Dear God, please make me young again.

Anyone who thinks our universities are still places of serious academia need only take a quick look at their farcical course offerings. “Queer Theory”? “Women’s Studies”? “Computer Science”? Let’s be frank: does anyone actually understand what these mean? I sure don’t, and feeling out of touch scares me so much that I lash out at waitresses.

University life has changed tremendously since I was a student. Back when I was in college, I was a cool, virile twenty-two-year-old with washboard abs and a large group of friends. Students today would struggle to say the same, since I’m sixty-two, my kids hate me, and my doctor says I’m prediabetic.

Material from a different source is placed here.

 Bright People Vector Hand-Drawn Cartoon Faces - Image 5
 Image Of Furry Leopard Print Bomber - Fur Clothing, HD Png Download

On a recent trip to my beloved alma mater, I couldn’t believe the Orwellian state the school has become. As soon as I stepped into a dorm, the woke student horde looked at me cockeyed, as if to tell me that I didn’t belong there for the sole reason that I am a straight, white man who happened to barely graduate in the year 1983 and am neither enrolled in nor recently affiliated with the school in any capacity.

Now, because of DEI-inclusivity-everyone’s-a-winner grade inflation, anyone can get an A. But abandoning the value of personal responsibility in favor of high GPAs is shortsighted. Back when I was in school, students I knew most often got Bs and Cs. It wasn’t because we were dumb; it was because we did not try. We had more important things to worry about than our future. That was all lined up for us already.

Take me back, take me back, please, somebody, take me back.

I now fear that college students have lost the ability to hear opposing opinions. When a controversial figure would come to speak on campus when I was a student, we didn’t protest or try to cancel them. Instead, we had the guts to listen, really listen, to the Steve Miller Band at a party on the other side of campus.

If a professor facilitated a discussion in a lecture that challenged our preconceived notions, we welcomed the opportunity to hear about it from some nerd who actually went to class while we’d drive to the lake to skinny dip with our friends, who, at our fortieth reunion, I’d find cornering me to voice their concern about my erratic behavior.

So to professors, students, and university administrators, I urge you to make your places of learning return to pre-woke sanity: when syllabi stressed civics, when students listened to one another, when the music was better, when colors were more vibrant, when urinating was simpler, and when our foreheads were unburdened by the wrinkles of a life spent in anger.